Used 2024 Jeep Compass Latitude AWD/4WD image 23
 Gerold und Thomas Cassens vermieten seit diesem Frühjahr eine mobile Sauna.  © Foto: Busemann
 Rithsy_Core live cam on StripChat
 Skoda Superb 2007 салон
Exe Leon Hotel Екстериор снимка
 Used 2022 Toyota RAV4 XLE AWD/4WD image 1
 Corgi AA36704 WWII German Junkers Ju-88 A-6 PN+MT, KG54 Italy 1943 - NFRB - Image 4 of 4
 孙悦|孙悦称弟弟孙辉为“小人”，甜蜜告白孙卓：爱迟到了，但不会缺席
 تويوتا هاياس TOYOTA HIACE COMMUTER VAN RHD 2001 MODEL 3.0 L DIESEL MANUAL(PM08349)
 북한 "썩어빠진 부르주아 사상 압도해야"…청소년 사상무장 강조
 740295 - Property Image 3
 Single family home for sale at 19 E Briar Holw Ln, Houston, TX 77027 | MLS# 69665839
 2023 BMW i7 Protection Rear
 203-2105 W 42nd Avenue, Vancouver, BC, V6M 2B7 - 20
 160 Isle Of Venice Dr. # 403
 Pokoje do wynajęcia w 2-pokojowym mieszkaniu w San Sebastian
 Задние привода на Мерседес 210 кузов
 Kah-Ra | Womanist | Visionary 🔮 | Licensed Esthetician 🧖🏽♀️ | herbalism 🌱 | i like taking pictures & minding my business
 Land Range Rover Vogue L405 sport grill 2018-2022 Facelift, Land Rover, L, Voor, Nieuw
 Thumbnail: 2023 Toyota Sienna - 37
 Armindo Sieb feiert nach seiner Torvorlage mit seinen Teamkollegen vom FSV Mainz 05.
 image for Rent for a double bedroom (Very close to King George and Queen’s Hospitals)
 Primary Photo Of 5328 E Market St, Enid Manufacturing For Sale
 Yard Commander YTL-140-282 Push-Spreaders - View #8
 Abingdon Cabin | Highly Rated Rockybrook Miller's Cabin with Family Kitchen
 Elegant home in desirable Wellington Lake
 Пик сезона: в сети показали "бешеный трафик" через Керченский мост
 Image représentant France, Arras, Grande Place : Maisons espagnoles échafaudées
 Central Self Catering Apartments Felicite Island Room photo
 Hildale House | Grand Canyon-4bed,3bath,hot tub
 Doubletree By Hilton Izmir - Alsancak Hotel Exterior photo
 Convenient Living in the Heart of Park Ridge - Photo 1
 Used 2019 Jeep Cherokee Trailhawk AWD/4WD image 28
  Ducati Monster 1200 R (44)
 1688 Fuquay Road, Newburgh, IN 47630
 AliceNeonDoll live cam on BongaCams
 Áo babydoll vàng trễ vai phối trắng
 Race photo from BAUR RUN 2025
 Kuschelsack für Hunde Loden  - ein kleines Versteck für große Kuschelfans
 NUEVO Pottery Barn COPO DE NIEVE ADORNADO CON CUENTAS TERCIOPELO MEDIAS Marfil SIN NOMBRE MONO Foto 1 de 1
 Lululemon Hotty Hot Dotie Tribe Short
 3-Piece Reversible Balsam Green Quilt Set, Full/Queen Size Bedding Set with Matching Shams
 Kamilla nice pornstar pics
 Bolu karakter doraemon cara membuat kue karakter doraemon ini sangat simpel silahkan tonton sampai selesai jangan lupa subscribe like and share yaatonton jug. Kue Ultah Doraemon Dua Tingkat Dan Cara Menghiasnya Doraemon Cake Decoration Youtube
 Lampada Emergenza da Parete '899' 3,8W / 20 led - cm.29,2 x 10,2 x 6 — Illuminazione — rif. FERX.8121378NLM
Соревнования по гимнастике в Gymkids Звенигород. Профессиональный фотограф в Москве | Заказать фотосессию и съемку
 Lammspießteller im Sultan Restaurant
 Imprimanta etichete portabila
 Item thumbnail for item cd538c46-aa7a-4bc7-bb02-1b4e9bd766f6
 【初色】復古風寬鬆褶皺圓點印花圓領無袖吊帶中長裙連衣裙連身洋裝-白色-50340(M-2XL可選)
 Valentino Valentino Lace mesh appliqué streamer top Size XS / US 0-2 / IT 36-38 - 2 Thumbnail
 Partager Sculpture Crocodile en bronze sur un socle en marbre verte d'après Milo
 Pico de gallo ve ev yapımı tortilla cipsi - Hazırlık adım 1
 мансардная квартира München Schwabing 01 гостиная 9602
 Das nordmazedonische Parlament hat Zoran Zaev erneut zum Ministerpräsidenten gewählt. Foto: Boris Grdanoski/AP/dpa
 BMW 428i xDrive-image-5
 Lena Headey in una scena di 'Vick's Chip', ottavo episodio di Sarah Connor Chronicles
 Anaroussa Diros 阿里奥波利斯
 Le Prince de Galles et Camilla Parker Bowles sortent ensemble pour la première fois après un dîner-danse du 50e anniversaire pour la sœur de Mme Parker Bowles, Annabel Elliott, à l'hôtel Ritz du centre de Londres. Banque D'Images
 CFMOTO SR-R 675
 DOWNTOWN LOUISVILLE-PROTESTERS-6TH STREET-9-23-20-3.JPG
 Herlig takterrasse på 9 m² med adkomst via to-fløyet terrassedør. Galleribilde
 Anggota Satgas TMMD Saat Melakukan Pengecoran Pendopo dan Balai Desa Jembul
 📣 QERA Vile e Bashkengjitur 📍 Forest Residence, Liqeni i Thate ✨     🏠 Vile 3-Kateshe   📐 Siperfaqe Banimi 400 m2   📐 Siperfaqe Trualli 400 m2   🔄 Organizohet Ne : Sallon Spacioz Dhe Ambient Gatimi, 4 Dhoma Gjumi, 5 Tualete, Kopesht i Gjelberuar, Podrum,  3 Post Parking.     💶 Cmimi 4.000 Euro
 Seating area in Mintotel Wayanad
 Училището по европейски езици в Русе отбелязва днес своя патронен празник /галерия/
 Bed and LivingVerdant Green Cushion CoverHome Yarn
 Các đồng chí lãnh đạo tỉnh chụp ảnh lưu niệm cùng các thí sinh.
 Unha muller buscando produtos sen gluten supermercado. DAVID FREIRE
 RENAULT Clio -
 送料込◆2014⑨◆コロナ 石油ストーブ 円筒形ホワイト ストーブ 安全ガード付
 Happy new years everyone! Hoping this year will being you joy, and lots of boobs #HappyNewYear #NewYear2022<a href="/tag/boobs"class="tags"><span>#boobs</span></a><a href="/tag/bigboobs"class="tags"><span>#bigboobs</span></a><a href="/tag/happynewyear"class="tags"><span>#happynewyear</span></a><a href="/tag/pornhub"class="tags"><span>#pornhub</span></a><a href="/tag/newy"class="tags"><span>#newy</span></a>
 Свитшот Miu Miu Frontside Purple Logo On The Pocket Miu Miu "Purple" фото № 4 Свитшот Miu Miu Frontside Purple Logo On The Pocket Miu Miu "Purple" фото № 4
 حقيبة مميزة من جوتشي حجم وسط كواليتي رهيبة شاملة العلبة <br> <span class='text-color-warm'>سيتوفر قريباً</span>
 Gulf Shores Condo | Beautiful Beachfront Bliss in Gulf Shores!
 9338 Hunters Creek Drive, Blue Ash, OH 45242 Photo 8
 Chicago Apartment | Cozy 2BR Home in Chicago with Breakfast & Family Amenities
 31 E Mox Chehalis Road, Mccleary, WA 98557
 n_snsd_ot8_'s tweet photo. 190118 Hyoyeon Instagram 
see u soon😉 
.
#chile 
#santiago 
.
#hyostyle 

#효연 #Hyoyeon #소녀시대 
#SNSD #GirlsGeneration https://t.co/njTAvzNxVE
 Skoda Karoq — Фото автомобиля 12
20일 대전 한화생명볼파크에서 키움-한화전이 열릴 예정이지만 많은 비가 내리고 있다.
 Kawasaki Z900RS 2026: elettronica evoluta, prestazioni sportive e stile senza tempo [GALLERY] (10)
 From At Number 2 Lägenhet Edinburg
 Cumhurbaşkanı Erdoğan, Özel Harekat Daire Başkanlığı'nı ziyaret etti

Problem requirements: All lines above from the one holding "Central Self Catering" to the one holding "Anaroussa Diros 阿里奥波利斯", inclusive, are to be copied exactly; no other line is wanted.

Answer to the exercise:
 Central Self Catering Apartments Felicite Island Room photo
 Hildale House | Grand Canyon-4bed,3bath,hot tub
 Doubletree By Hilton Izmir - Alsancak Hotel Exterior photo
 Convenient Living in the Heart of Park Ridge - Photo 1
 Used 2019 Jeep Cherokee Trailhawk AWD/4WD image 28
  Ducati Monster 1200 R (44)
 1688 Fuquay Road, Newburgh, IN 47630
 AliceNeonDoll live cam on BongaCams
 Áo babydoll vàng trễ vai phối trắng
 Race photo from BAUR RUN 2025
 Kuschelsack für Hunde Loden  - ein kleines Versteck für große Kuschelfans
 NUEVO Pottery Barn COPO DE NIEVE ADORNADO CON CUENTAS TERCIOPELO MEDIAS Marfil SIN NOMBRE MONO Foto 1 de 1
 Lululemon Hotty Hot Dotie Tribe Short
 3-Piece Reversible Balsam Green Quilt Set, Full/Queen Size Bedding Set with Matching Shams
 Kamilla nice pornstar pics
 Bolu karakter doraemon cara membuat kue karakter doraemon ini sangat simpel silahkan tonton sampai selesai jangan lupa subscribe like and share yaatonton jug. Kue Ultah Doraemon Dua Tingkat Dan Cara Menghiasnya Doraemon Cake Decoration Youtube
 Lampada Emergenza da Parete '899' 3,8W / 20 led - cm.29,2 x 10,2 x 6 — Illuminazione — rif. FERX.8121378NLM
Соревнования по гимнастике в Gymkids Звенигород. Профессиональный фотограф в Москве | Заказать фотосессию и съемку
 Lammspießteller im Sultan Restaurant
 Imprimanta etichete portabila
 Item thumbnail for item cd538c46-aa7a-4bc7-bb02-1b4e9bd766f6
 【初色】復古風寬鬆褶皺圓點印花圓領無袖吊帶中長裙連衣裙連身洋裝-白色-50340(M-2XL可選)
 Valentino Valentino Lace mesh appliqué streamer top Size XS / US 0-2 / IT 36-38 - 2 Thumbnail
 Partager Sculpture Crocodile en bronze sur un socle en marbre verte d'après Milo
 Pico de gallo ve ev yapımı tortilla cipsi - Hazırlık adım 1
 мансардная квартира München Schwabing 01 гостиная 9602
 Das nordmazedonische Parlament hat Zoran Zaev erneut zum Ministerpräsidenten gewählt. Foto: Boris Grdanoski/AP/dpa
 BMW 428i xDrive-image-5
 Lena Headey in una scena di 'Vick's Chip', ottavo episodio di Sarah Connor Chronicles
 Anaroussa Diros 阿里奥波利斯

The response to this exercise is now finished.